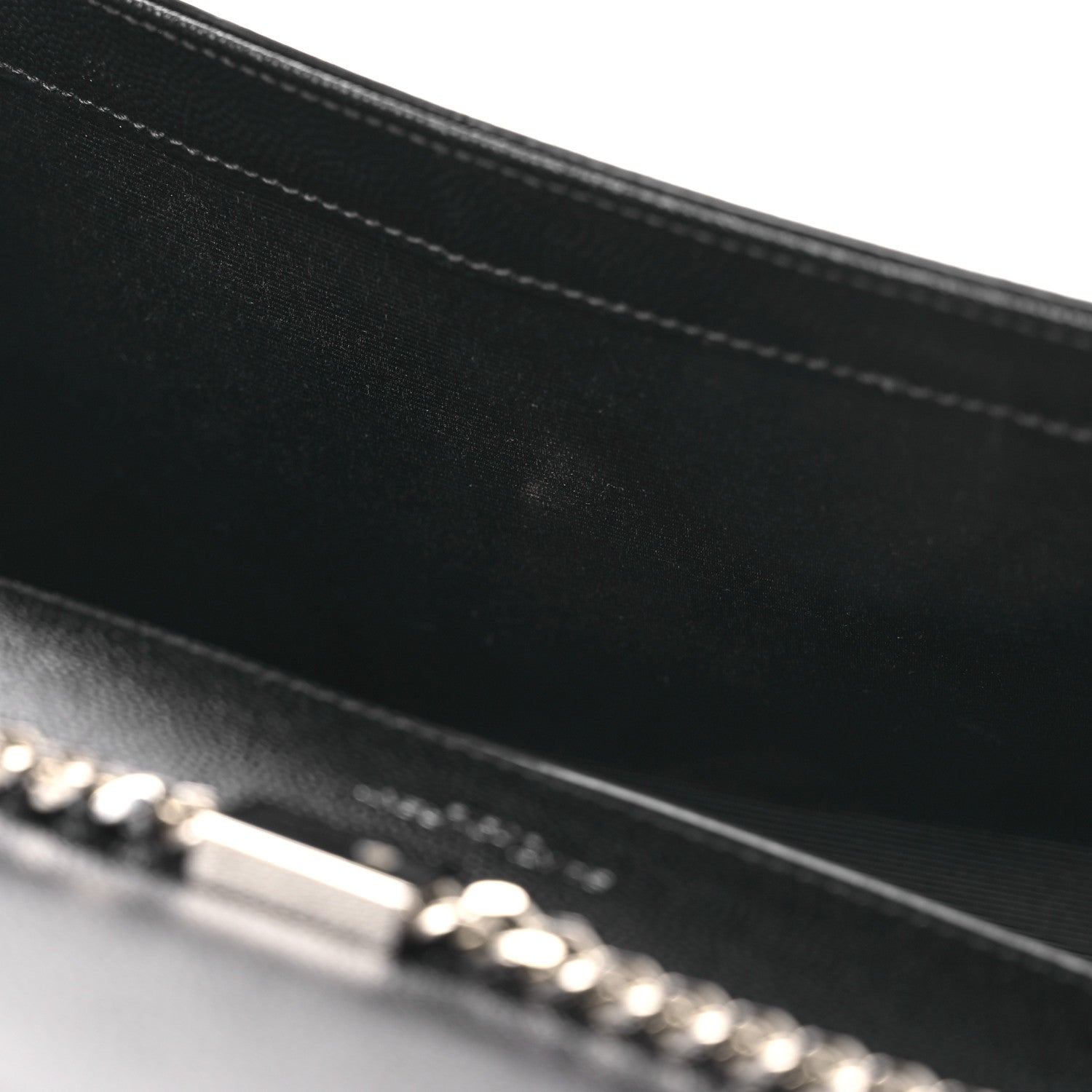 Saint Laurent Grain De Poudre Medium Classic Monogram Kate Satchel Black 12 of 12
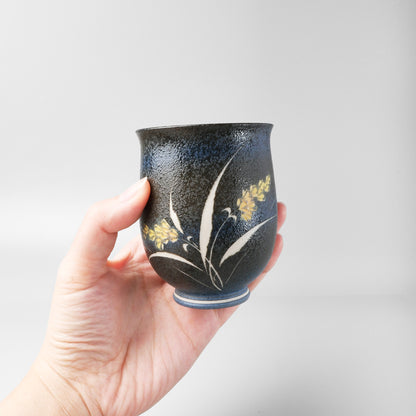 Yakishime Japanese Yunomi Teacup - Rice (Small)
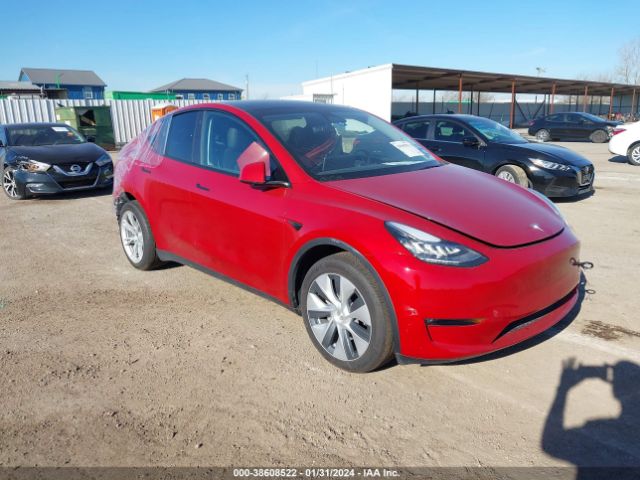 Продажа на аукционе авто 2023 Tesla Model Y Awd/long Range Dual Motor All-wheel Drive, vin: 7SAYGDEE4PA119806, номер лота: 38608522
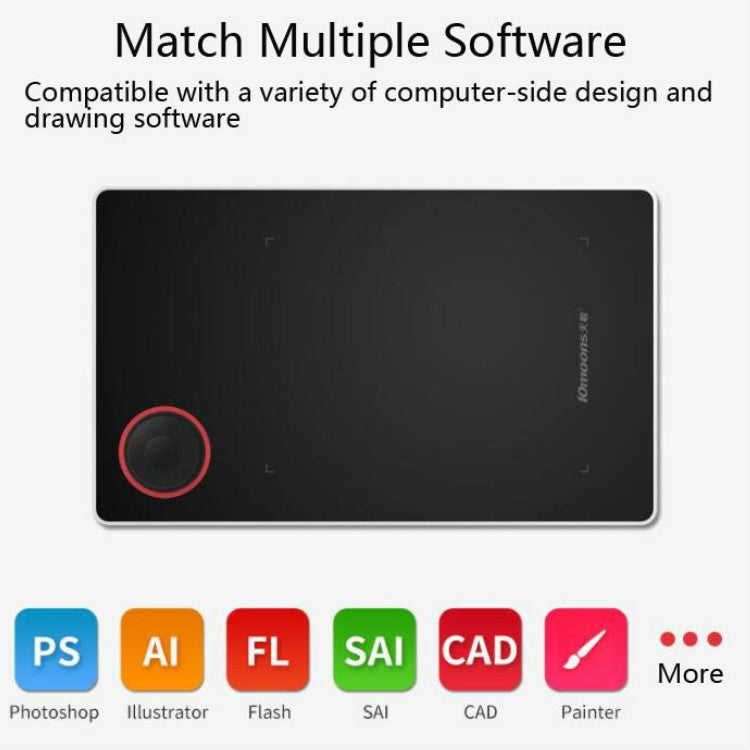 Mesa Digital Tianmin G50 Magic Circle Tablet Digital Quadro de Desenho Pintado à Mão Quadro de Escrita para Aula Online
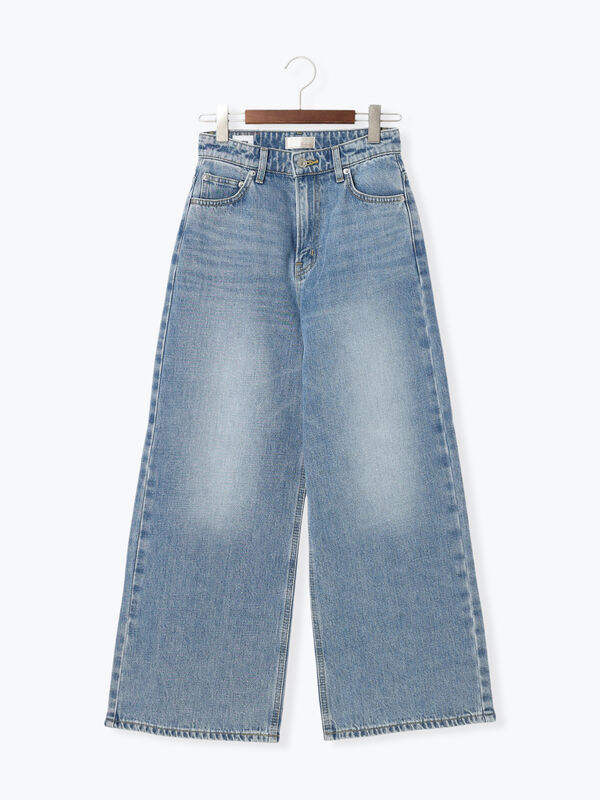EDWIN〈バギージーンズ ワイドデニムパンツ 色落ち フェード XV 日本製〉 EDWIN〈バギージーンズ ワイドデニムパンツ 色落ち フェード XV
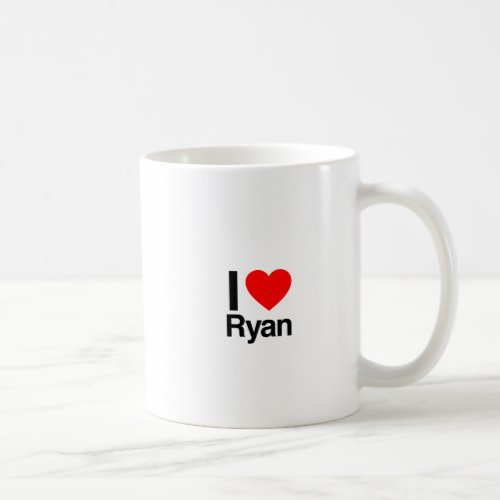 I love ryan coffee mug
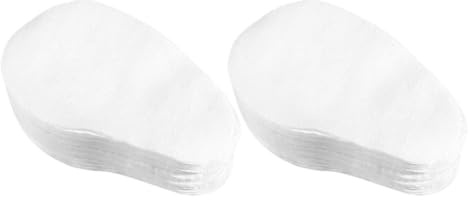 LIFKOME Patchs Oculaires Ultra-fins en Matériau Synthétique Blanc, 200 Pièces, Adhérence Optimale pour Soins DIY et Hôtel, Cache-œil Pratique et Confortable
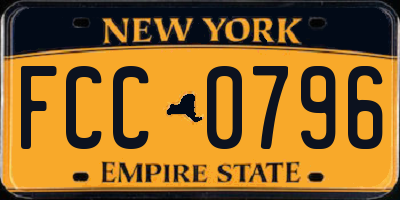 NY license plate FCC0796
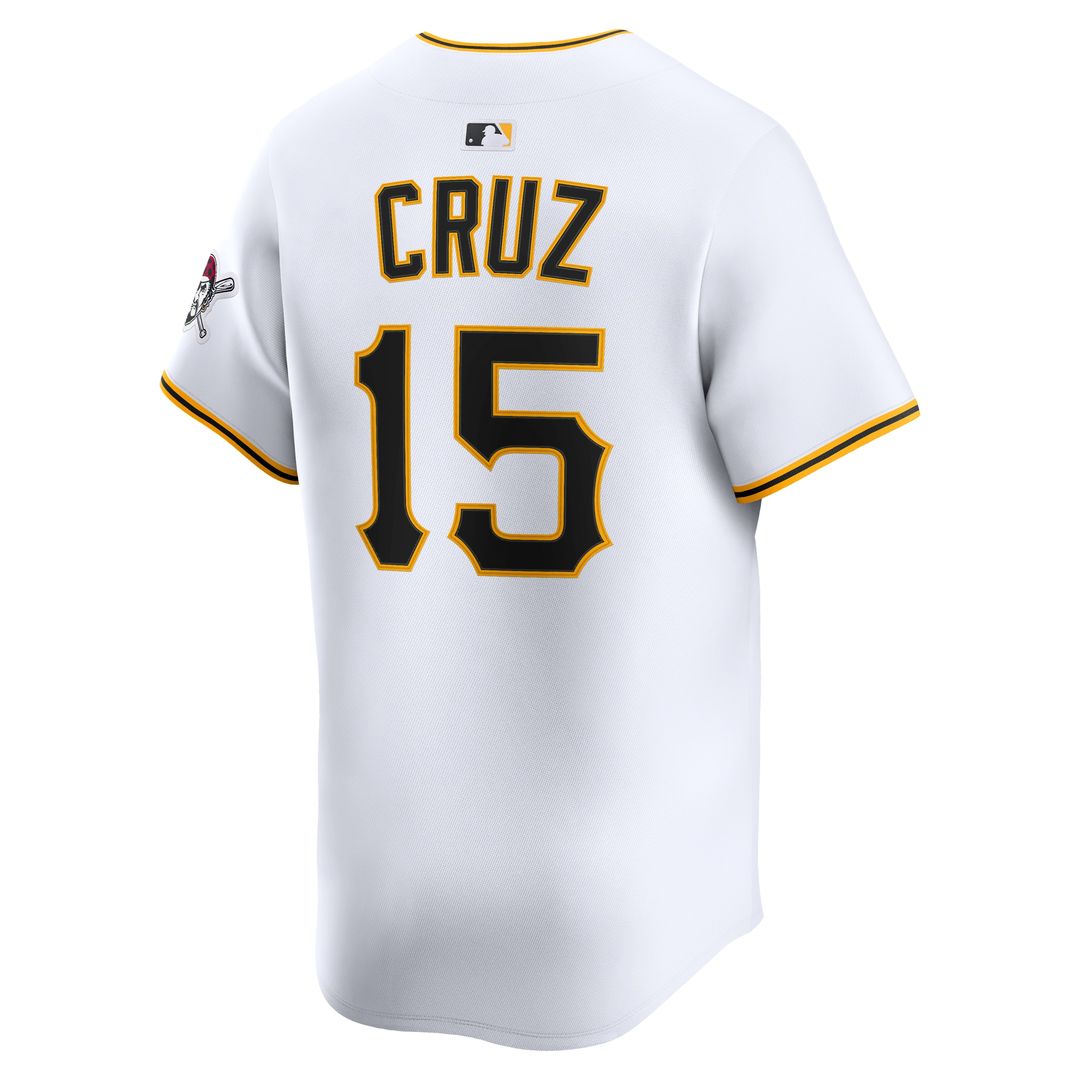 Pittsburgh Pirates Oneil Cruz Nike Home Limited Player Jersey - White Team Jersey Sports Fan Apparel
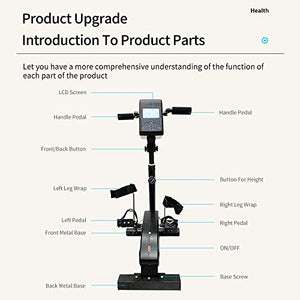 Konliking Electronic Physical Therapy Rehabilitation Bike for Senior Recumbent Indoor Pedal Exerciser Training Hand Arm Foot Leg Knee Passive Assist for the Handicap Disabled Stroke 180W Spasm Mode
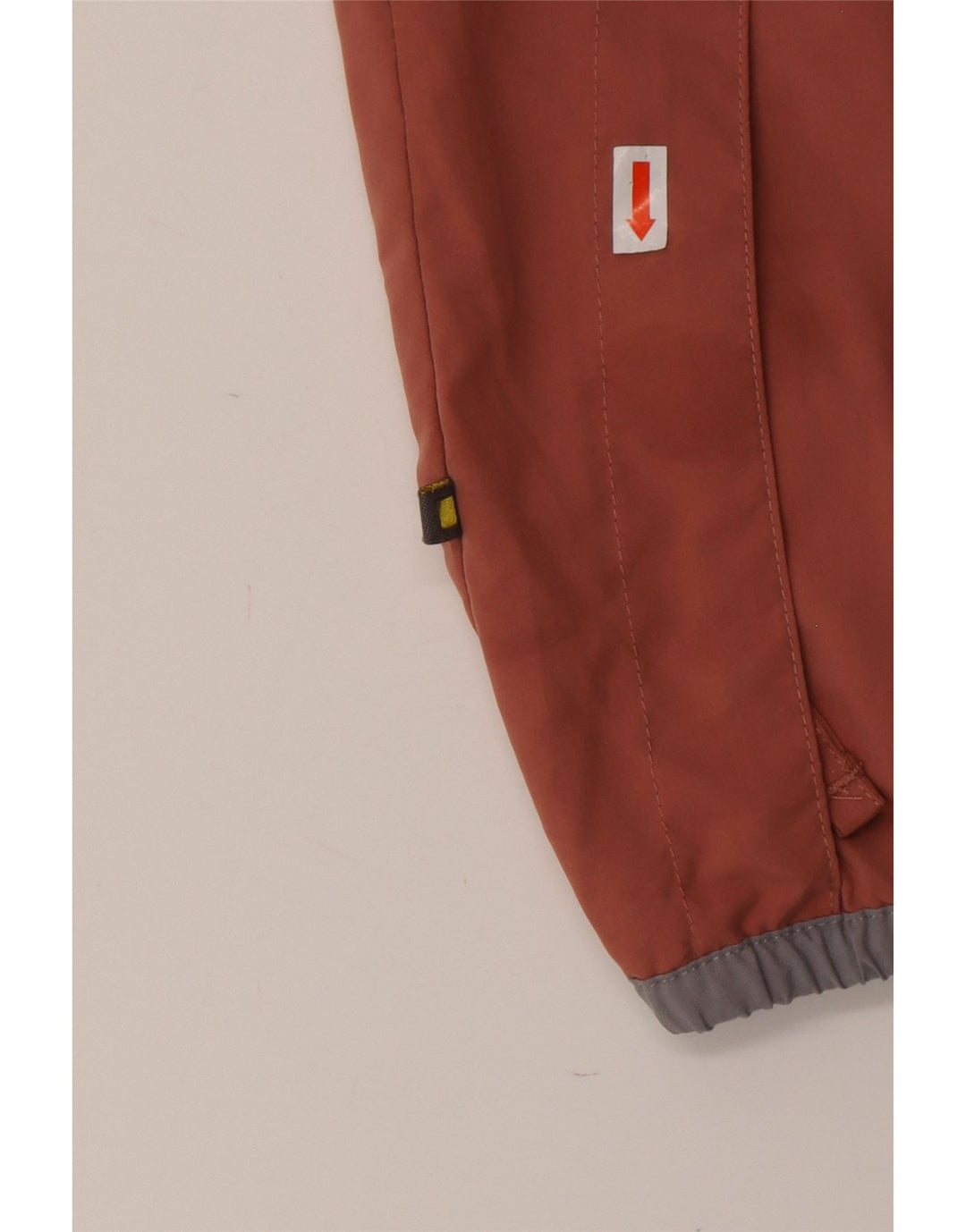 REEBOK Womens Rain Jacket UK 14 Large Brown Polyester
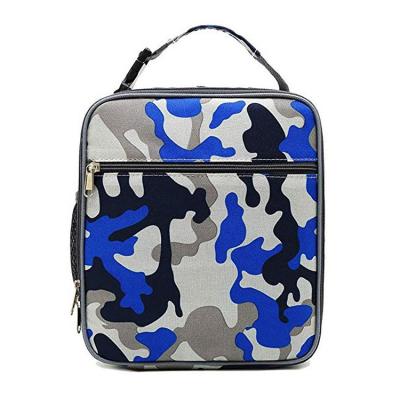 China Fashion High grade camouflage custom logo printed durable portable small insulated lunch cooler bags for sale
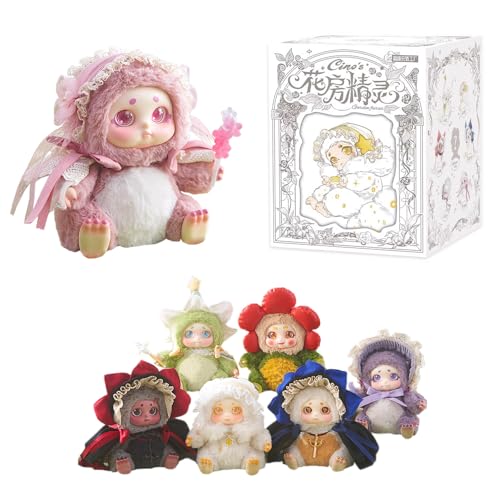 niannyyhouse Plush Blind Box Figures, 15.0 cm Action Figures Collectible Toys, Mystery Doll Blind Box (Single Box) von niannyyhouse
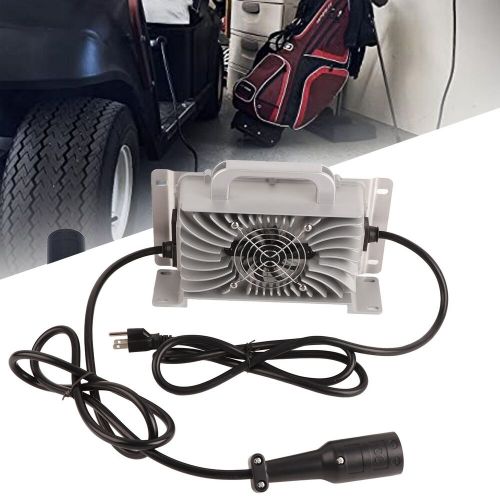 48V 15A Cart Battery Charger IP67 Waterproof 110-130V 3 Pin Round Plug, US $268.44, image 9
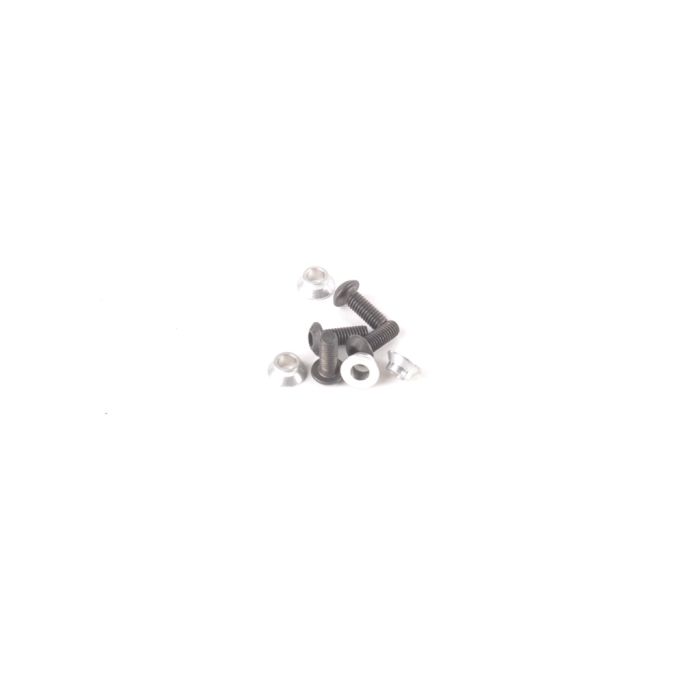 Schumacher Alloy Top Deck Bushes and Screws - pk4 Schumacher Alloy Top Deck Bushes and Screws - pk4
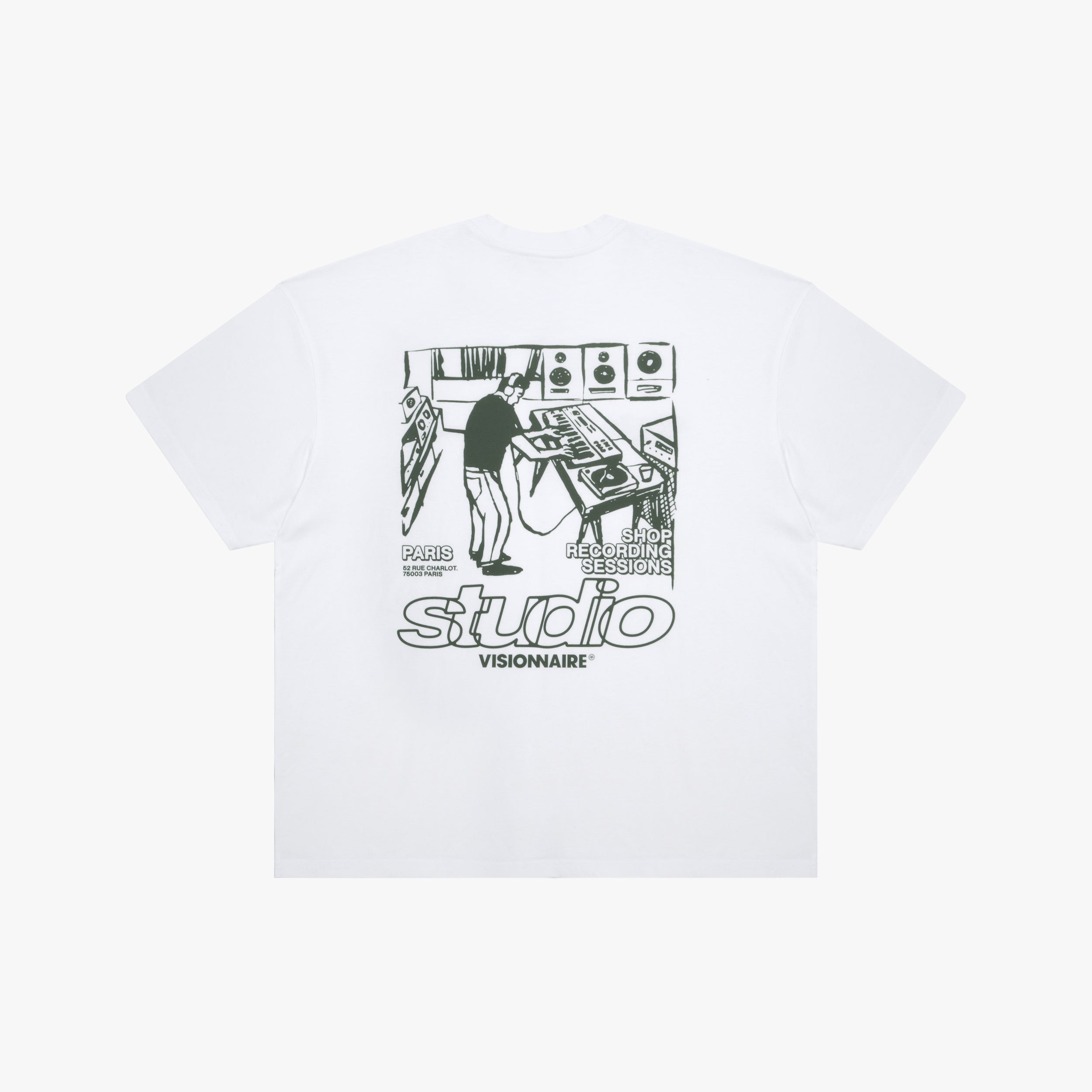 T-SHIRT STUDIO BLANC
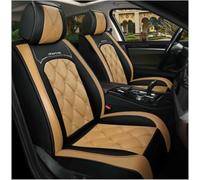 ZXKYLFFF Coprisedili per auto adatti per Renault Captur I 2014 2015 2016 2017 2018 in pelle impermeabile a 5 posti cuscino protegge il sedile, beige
□ □ □ □ □ □ □
* REQUIREMENT
Reproduce exactly, and only, the lines from the opening line of the listing above through the line holding "Pittsburgh Pirates Oneil", minus the pictures.

* EXPECTED ANSWER
 Saint Laurent Grain De Poudre Medium Classic Monogram Kate Satchel Black 12 of 12
 Yakishime Japanese Yunomi Teacup - Rice (Small)
 Продажа на аукционе авто 2023 Tesla Model Y Awd/long Range Dual Motor All-wheel Drive, vin: 7SAYGDEE4PA119806, номер лота: 38608522
 Mesa Digital Tianmin G50 Magic Circle Tablet Digital Quadro de Desenho Pintado à Mão Quadro de Escrita para Aula Online
EDWIN〈バギージーンズ ワイドデニムパンツ 色落ち フェード XV 日本製〉 EDWIN〈バギージーンズ ワイドデニムパンツ 色落ち フェード XV
 I love ryan coffee mug
 LIFKOME Patchs Oculaires Ultra-fins en Matériau Synthétique Blanc, 200 Pièces, Adhérence Optimale pour Soins DIY et Hôtel, Cache-œil Pratique et Confortable
 NY license plate FCC0796
 Pittsburgh Pirates Oneil Cruz Nike Home Limited Player Jersey - White Team Jersey Sports Fan Apparel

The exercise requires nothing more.